Monday 27 January 2014

Jan 22nd: Agrigento and the Valle dei Templi

Agrigento is the regional capital of this area of Sicily, and 30 minutes’ drive from our campsite. My guidebook tells me that the town has an interesting old quarter, but the reason for being here today is to visit the Valley of the Temples that the town overlooks. This is the town colourfully doing a bit of overlooking.


Greeks from a nearby colony founded the original town in 581 BC. They sited it on a ridge, a good defensive position. The town thrived and was enclosed by a mighty wall with nine gates.

Five main temples have been identified within the town perimeter and form the most impressive such group outside of Greece according to the experts. We entered through one of the old town gates, straight into the ruins of the temple of Castor and Pollux, the Greek Ant and Dec.


There are pieces of temple scattered everywhere, and the elegant columns in the photo were assembled in 1836 from unrelated bits, like temple Lego.

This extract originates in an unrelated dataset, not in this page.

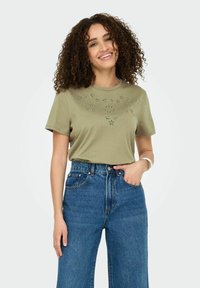 Oliven grøn T-shirt med korte ærmer og blomsterudskæringer, parret med højtaljede blå denim jeans. Glat stoftekstur.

The next temple we came to was apparently the largest of this type anywhere in the Greek world: the Temple of Olympian Zeus. It was never fully completed, and what is left lies in tumbled blocks, the result of earthquakes, destructive raids and, most significantly, stone quarrying by the locals. They built the port of Empedocle nearby with Zeus’ stone in the 18th century, and there’s still plenty left.

An interesting feature is one of the main temple columns, lying on its side. The upper part of this column is an Atlas figure with his arms raised over his head simulating bearing the weight of the building. He obviously got tired and put his arms down because the temple collapsed.


From here on the temples start to look like temples. This next photo is the Temple of Juno, looking down from its elevated position. All the temples are dated from the 5th century BC so have done well to survive in any shape really.


On the site complex is a large house of more recent times. The bronze bust in the entrance is that of a tireless benefactor of the archaeological site who lived in the house from 1921 to 1933. He was Captain Alexander Hardcastle, a retired English army officer whose money came from inheriting the family bank. In 1933 the bank went bust; shortly after, poor old Capt. H entered the local lunatic asylum where he died a little later. Well, he was nuts about archaeology from his first visit here.


The Tempio della Concordia has to be one of the most beautiful ancient temples anywhere. It is remarkably intact and so perfectly proportioned that you keep taking pictures of it from every imaginable angle. They were all good when viewed on the computer later, so out of the window goes my resolve to ruthlessly prune down my huge harvest of digital snaps.

Taking photos is so much easier at this time of the year: no crowds, so you also don’t have to wait for, say, a group of schoolkids to stop swarming over the subject, or that bloke if the bright red anorak to move out of frame.


Superb, isn’t it? The next shot shows part of the line of the original city walls featuring our favourite temple in the distance.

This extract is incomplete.